== Supplied information

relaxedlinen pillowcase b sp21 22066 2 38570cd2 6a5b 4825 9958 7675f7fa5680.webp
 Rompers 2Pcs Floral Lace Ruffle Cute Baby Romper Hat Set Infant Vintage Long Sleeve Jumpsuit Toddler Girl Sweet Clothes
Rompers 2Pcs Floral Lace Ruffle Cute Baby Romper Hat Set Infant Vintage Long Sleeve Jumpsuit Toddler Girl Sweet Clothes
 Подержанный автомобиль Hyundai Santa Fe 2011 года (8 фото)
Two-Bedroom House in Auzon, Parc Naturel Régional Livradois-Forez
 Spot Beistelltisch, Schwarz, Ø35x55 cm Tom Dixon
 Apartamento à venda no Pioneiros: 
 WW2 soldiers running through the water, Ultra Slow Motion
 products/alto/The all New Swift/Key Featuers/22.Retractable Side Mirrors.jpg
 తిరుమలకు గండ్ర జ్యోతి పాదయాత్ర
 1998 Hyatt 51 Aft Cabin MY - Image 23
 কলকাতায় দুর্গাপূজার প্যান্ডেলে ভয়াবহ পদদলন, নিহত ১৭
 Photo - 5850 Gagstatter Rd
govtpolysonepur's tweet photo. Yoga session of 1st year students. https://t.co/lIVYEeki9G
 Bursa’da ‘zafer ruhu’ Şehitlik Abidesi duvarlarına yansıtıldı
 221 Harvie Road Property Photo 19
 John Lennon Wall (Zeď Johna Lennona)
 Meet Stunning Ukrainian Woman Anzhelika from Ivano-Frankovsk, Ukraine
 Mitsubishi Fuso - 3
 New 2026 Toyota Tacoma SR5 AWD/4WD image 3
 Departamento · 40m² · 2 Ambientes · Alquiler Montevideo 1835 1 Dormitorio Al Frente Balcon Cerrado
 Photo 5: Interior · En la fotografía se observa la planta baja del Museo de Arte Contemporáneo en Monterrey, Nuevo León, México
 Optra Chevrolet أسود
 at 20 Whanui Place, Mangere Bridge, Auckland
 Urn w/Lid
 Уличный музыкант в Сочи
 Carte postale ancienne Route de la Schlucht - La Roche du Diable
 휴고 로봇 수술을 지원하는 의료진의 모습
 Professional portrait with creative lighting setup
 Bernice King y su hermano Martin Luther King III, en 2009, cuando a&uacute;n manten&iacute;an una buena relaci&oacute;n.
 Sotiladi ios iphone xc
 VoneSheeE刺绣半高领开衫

====

▶ **Prompt**: State how many lines contain the word "Long" across the listing, and give no other text.

▶ **Your solution**: 2